EXTRACTED INFORMATION section start
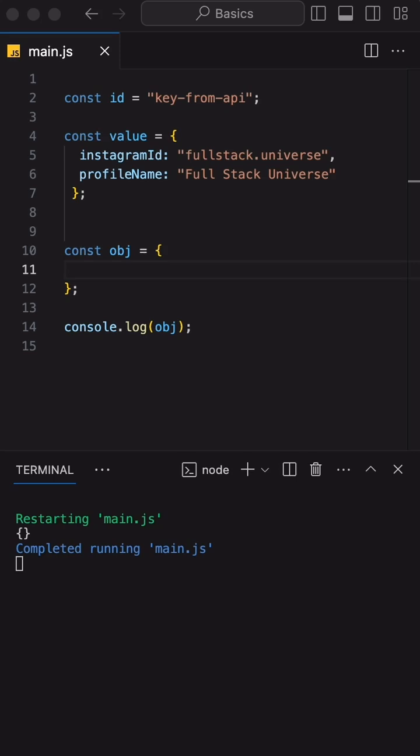This can be super handy when you need to generate keys on the fly or you want to use some expression. Let me show you how. Consider we have an id variable which we are getting from some API and we want to attach the value object to this id.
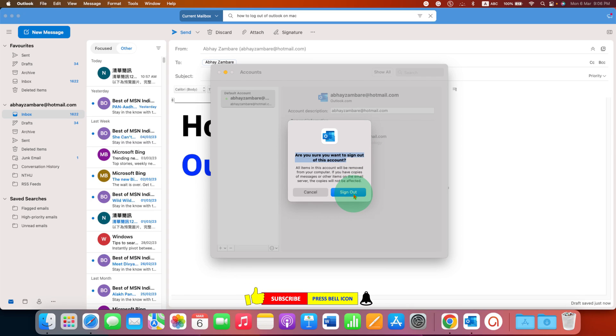Now you can sign out easily from Outlook on your MacBook. Click on that like button, comment below and let me know if this video solved your problem. Don't forget to check out these useful videos related to Outlook on Mac.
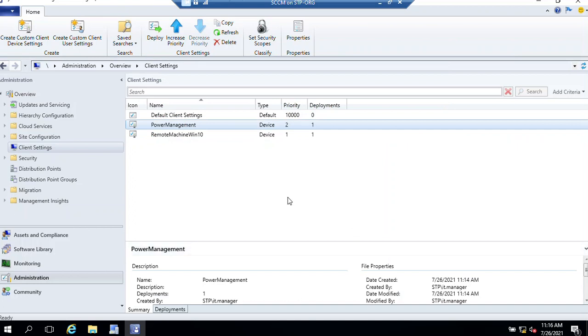So guys, that's it. In this way we can create a power management plan for our devices. As I said, this will not work on virtual machines, so I can't show you the result, but it definitely works for your physical devices. Thanks for watching this video, have a nice day, bye bye.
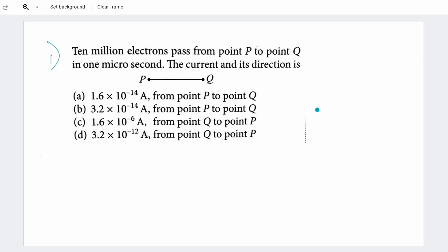Hello everyone! In this video, we will see the problems on current electricity. We are already doing the current, so we will see problems on other bases. These problems are very useful for NEET, IIT, and Board exams. We will cover problems on current definition. I will add the practice problems here. Let's see the first problem.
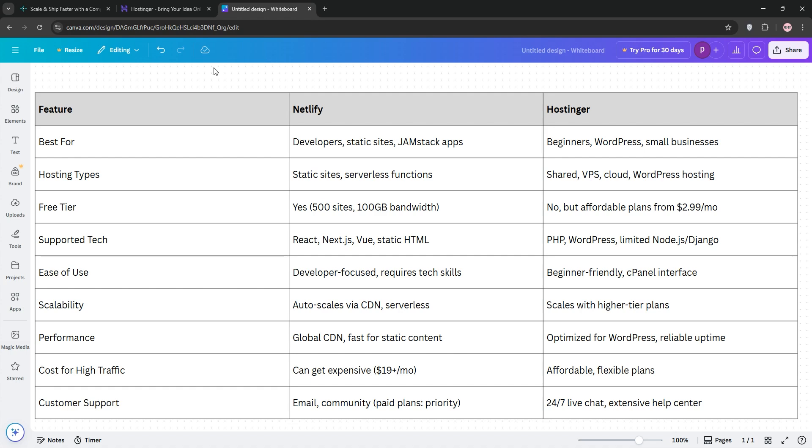If you're a developer with a static site, go Netlify. For blogs, ecommerce, or dynamic sites, Hostinger is your pick. Check out our chart below for a quick breakdown.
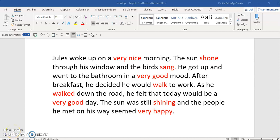Here I have a text where I've marked some lexical teddy bears and expressions that are repeated. Now it's time to use different strategies to find more precise expressions. The strategy I'm going to talk about in this video is to think in your mother tongue and then use a bilingual and monolingual dictionary to find alternative expressions. This can be a good strategy because we often know more synonyms and more precise words in our mother tongue.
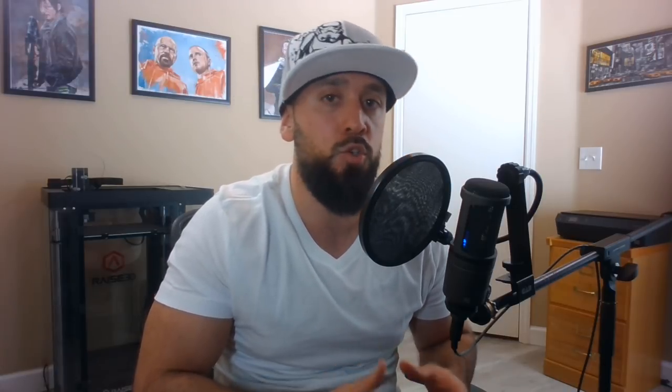The next hack on the list is editing your pivot. It might be one of the simpler ones, but it is very powerful because if you can edit your pivots you have more control over your transforms. You get to make more precise movements, which are pretty important for symmetrical hard surface models.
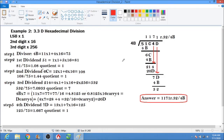Good day everyone. We have another example: hexadecimal division. We already have example number two computed. We have a two-digit hexadecimal divisor. The rule is: convert the divisor from hexadecimal to decimal, then convert the first dividend and each succeeding dividend to decimal, and proceed to decimal division.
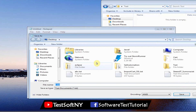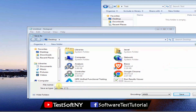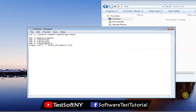Now save the file: go to Save As, choose the Desktop location, and select 'All Files' as the file type. Then enter the file name — for example 'project_file_creation' — and set the extension to '.bat'. The Windows batch file extension is '.bat'. Click Save. The file is now saved as a batch file.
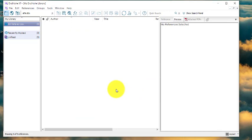From here, you can start adding references. You can either create references manually from journals, books, or the internet, or you can import references from other reference manager software, or get references online.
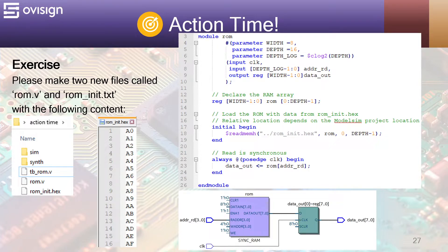Let's analyze the Verilog code for the ROM. We first declare the module parameters at lines 4 to 6. Besides the width and the depth, we also calculate the logarithm of the depth to know how to size the address read bus. At the module's instantiation, we only need to change width and depth, and depth_log will update automatically.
EXTRACTED INFORMATION section end
**WHAT NEEDS TO BE DONE**
From the records above, copy exactly the lines starting at the one with "The next hack" and ending at the one with "From here, you", and no others. Pictures stay out.

**SOLUTION TO THE PROBLEM**
The next hack on the list is editing your pivot. It might be one of the simpler ones, but it is very powerful because if you can edit your pivots you have more control over your transforms. You get to make more precise movements, which are pretty important for symmetrical hard surface models.
Good day everyone. We have another example: hexadecimal division. We already have example number two computed. We have a two-digit hexadecimal divisor. The rule is: convert the divisor from hexadecimal to decimal, then convert the first dividend and each succeeding dividend to decimal, and proceed to decimal division.
Now save the file: go to Save As, choose the Desktop location, and select 'All Files' as the file type. Then enter the file name — for example 'project_file_creation' — and set the extension to '.bat'. The Windows batch file extension is '.bat'. Click Save. The file is now saved as a batch file.
From here, you can start adding references. You can either create references manually from journals, books, or the internet, or you can import references from other reference manager software, or get references online.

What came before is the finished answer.